■ **Exercise brief**: An exact copy of the data is required, with no pictures in it.
START Material shown
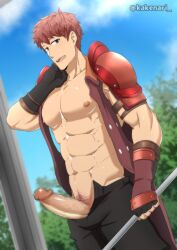 fire_emblem fire_emblem_echoes:_shadows_of_valentia jacket_open kakenari lukas_(fire_emblem) male_focus male_only penis penis_out shirt_open unzipped unzipped_pants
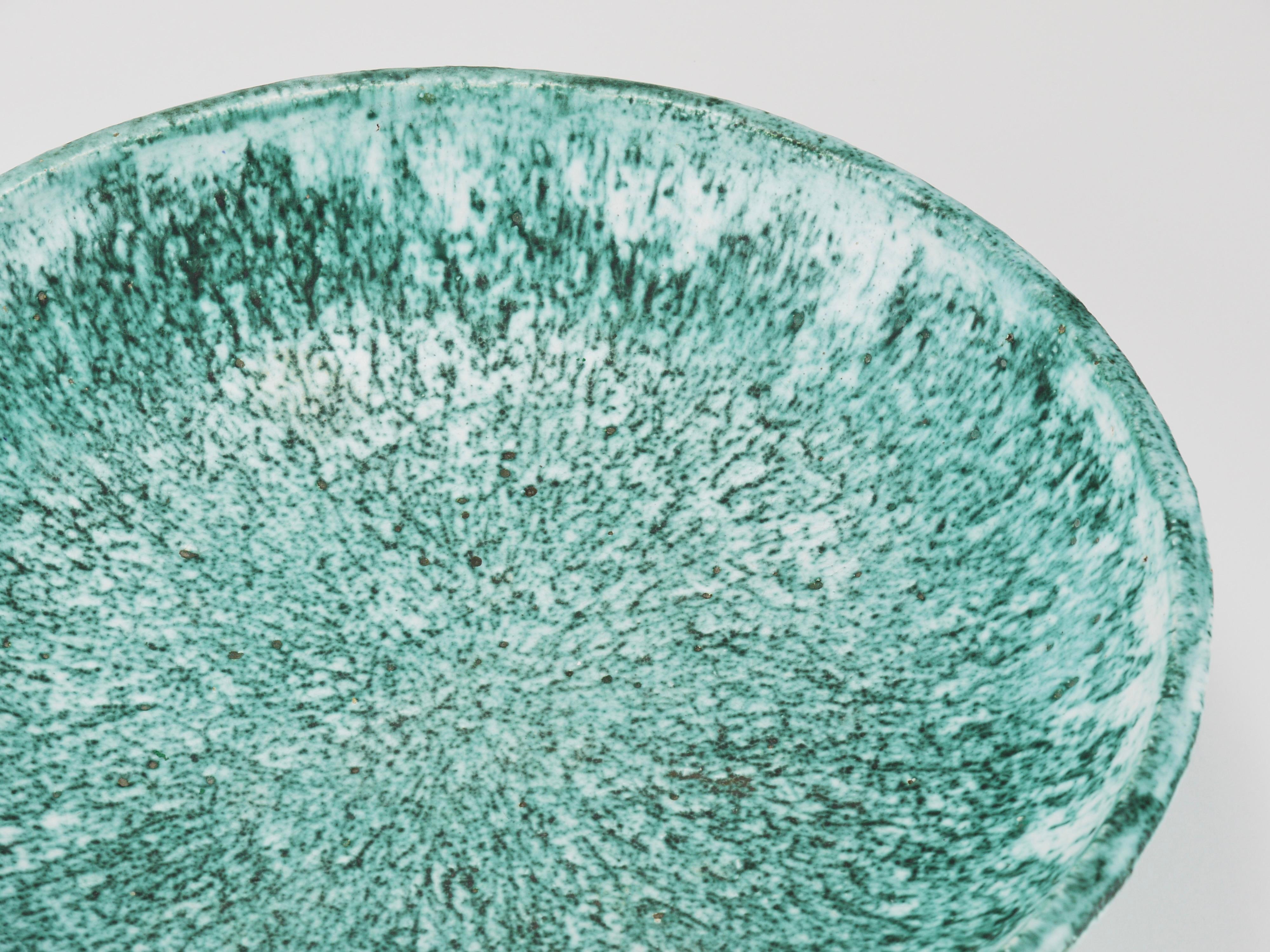 Eva Ruffoni Large Turquoise Ceramic Art Fruit Bowl, 15“ Diameter, Italy, 1980s For Sale 9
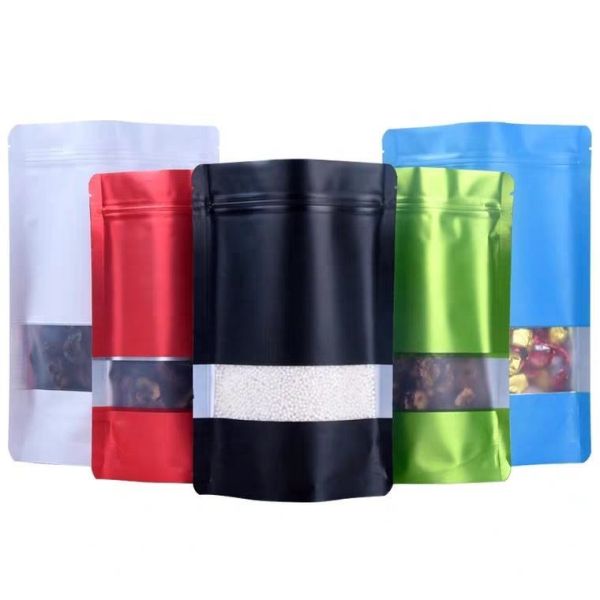 Customizable Stand up Pouch With Window  Food Packaging Bag Ziplock Bag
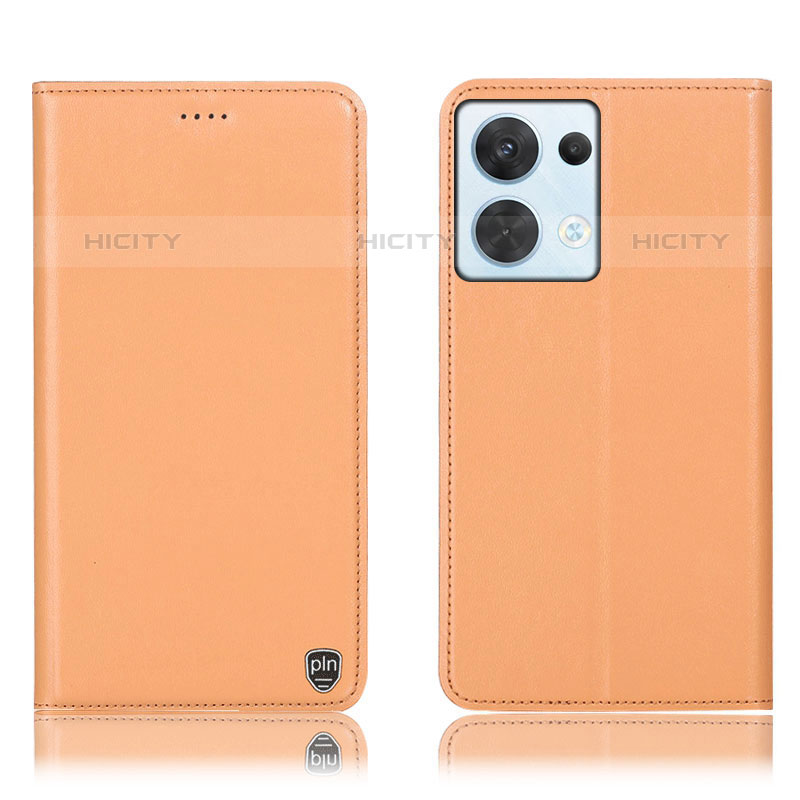 Coque Portefeuille Livre Cuir Etui Clapet H21P pour Oppo Reno9 5G Orange Plus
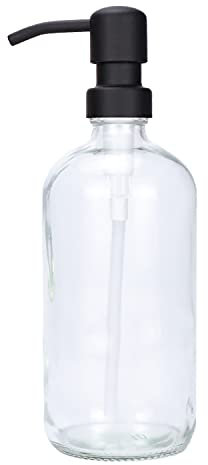 Plomkeest Dispensador de jabón de Vidrio Transparente Grueso de 500 ml con Bomba de Acero Inoxidable Dispensador de jabón líquido para baño, decoración de Cocina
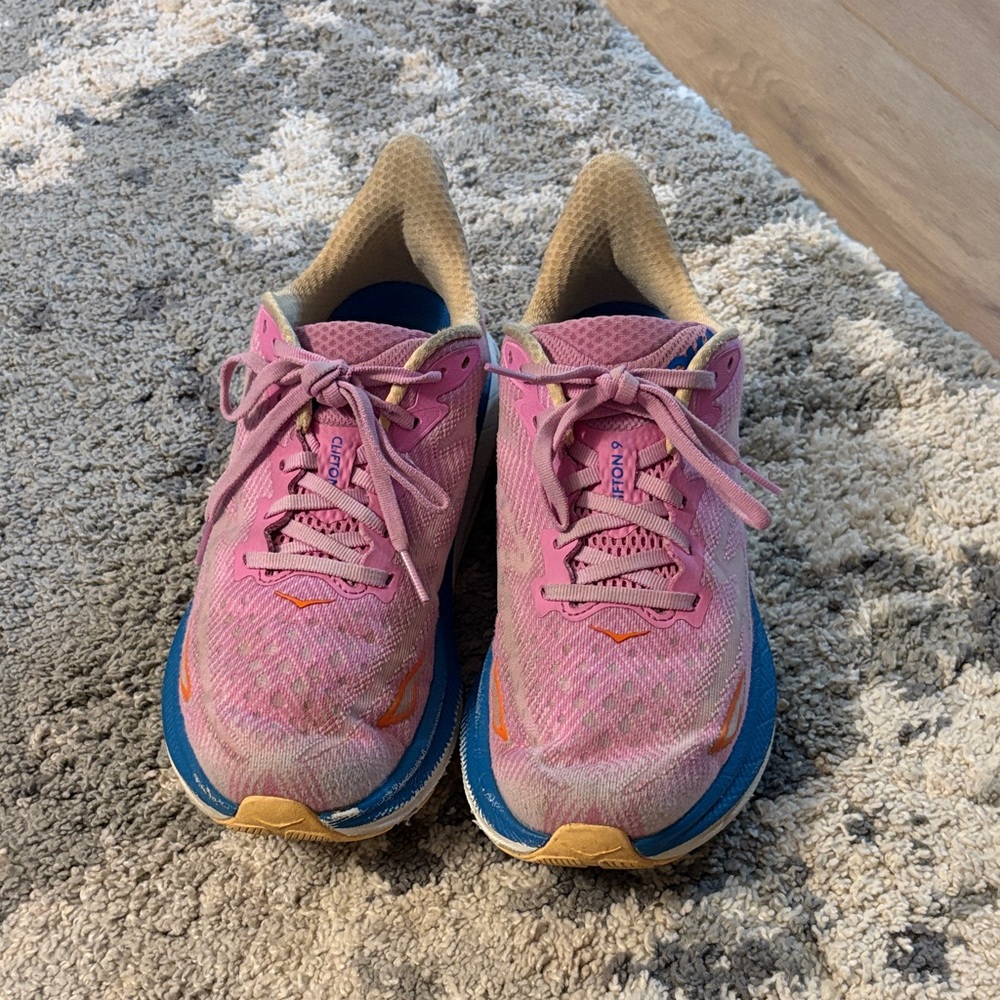 Hoka Women's Pink and Blue Athletic Shoes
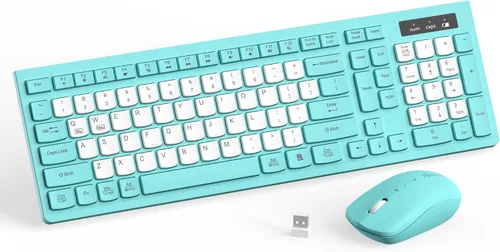 Vista 19 de Combo de teclado y mouse inalámbricos silencioso para oficina y hogar (verde aguacate) 2.4G Full Size Silent Cordless Keyboard with Tilt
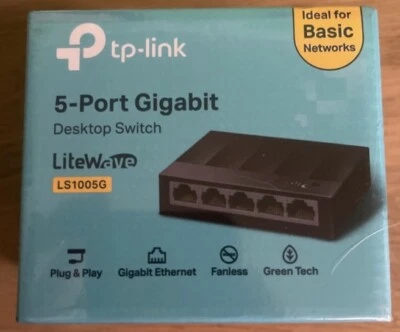 Lan Verteiler Switch TP-Link 5 Port Netzwerk  LS1005G LiteWave 1000Mbs - Bild 1 von 2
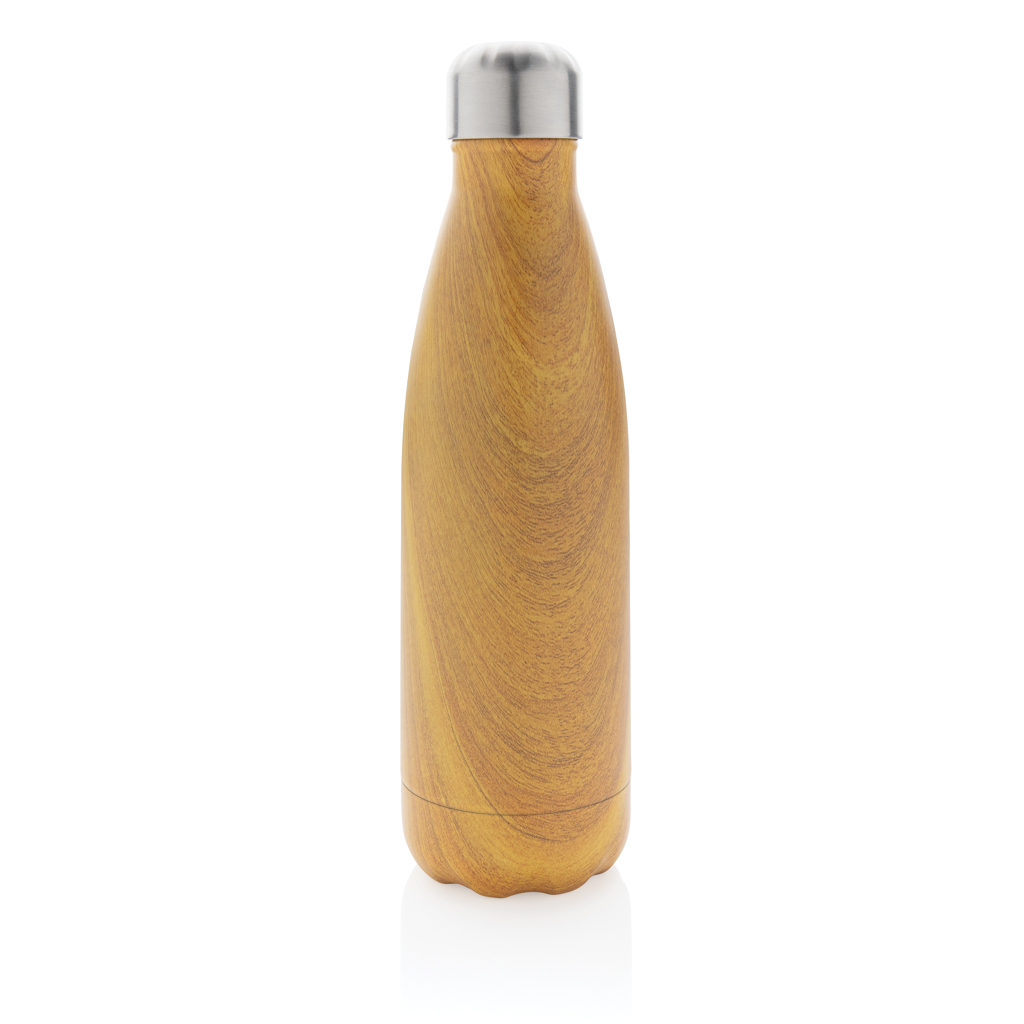 Botella aislada al vacío con estampado de madera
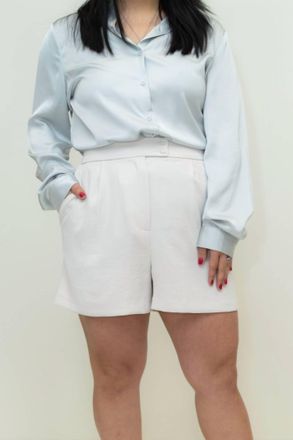Skies Are Blue Clothing Sienna Eco-Friendly Tailored Shorts In Stone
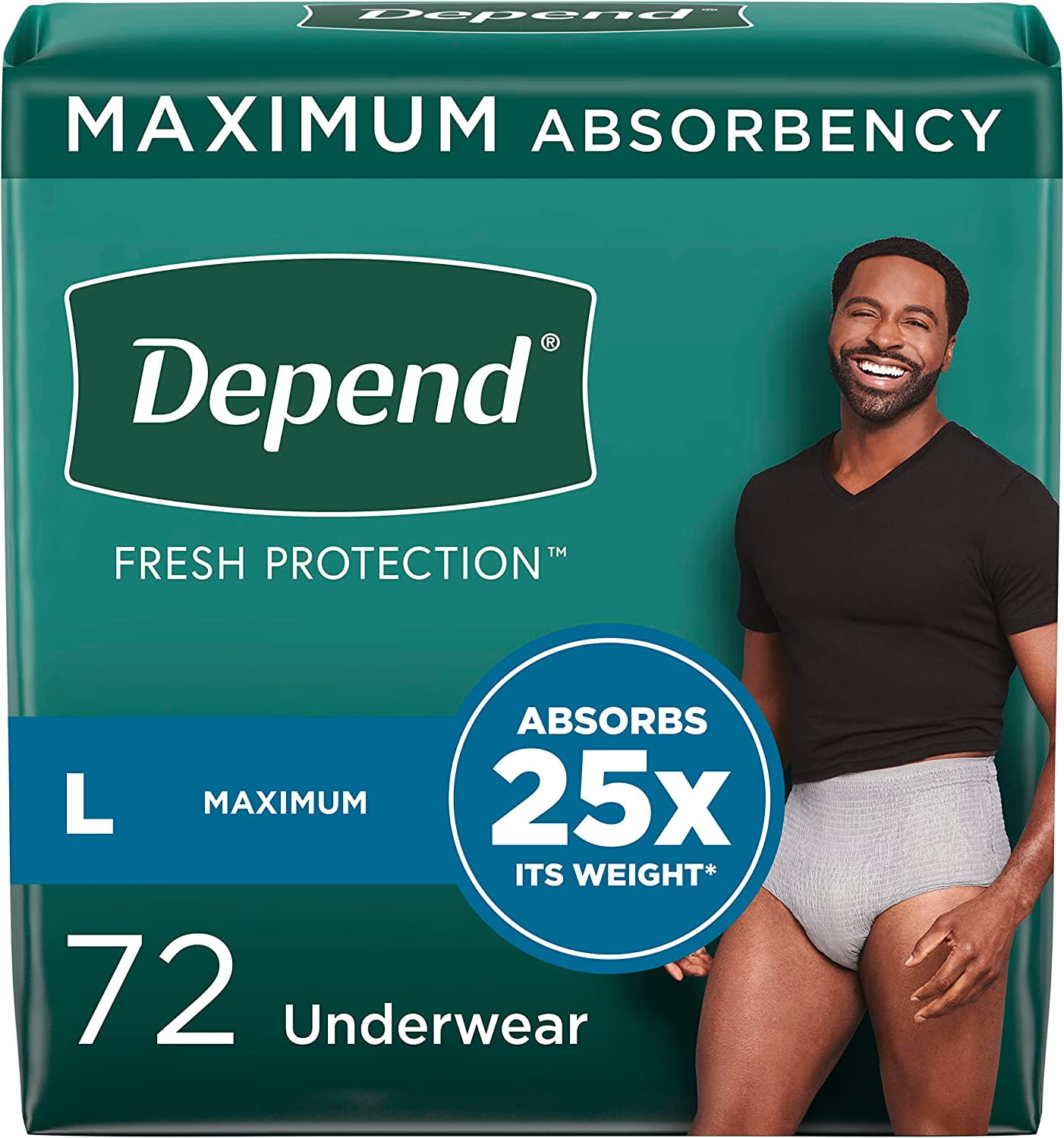Depend FIT-FLEX Incontinence Underwear for Men, Maximum Absorbency, Disposable, L, Grey, 72 Count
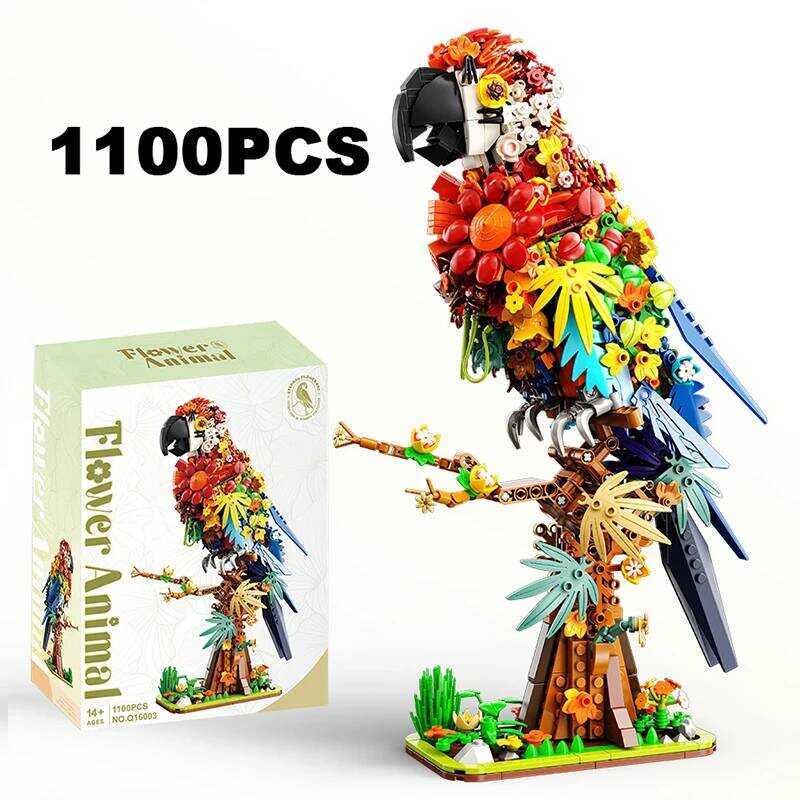 rrot Building Blocks Bird Kit Flower Animal Series Model Assembly Bricks Home Decoration Toys Adult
END Material shown
■ **Result of this exercise**:
 fire_emblem fire_emblem_echoes:_shadows_of_valentia jacket_open kakenari lukas_(fire_emblem) male_focus male_only penis penis_out shirt_open unzipped unzipped_pants
 Eva Ruffoni Large Turquoise Ceramic Art Fruit Bowl, 15“ Diameter, Italy, 1980s For Sale 9
 Customizable Stand up Pouch With Window  Food Packaging Bag Ziplock Bag
 Coque Portefeuille Livre Cuir Etui Clapet H21P pour Oppo Reno9 5G Orange Plus
 Plomkeest Dispensador de jabón de Vidrio Transparente Grueso de 500 ml con Bomba de Acero Inoxidable Dispensador de jabón líquido para baño, decoración de Cocina
 Hoka Women's Pink and Blue Athletic Shoes
 Vista 19 de Combo de teclado y mouse inalámbricos silencioso para oficina y hogar (verde aguacate) 2.4G Full Size Silent Cordless Keyboard with Tilt
 Lan Verteiler Switch TP-Link 5 Port Netzwerk  LS1005G LiteWave 1000Mbs - Bild 1 von 2
 Botella aislada al vacío con estampado de madera
Skies Are Blue Clothing Sienna Eco-Friendly Tailored Shorts In Stone
Depend FIT-FLEX Incontinence Underwear for Men, Maximum Absorbency, Disposable, L, Grey, 72 Count
 rrot Building Blocks Bird Kit Flower Animal Series Model Assembly Bricks Home Decoration Toys Adult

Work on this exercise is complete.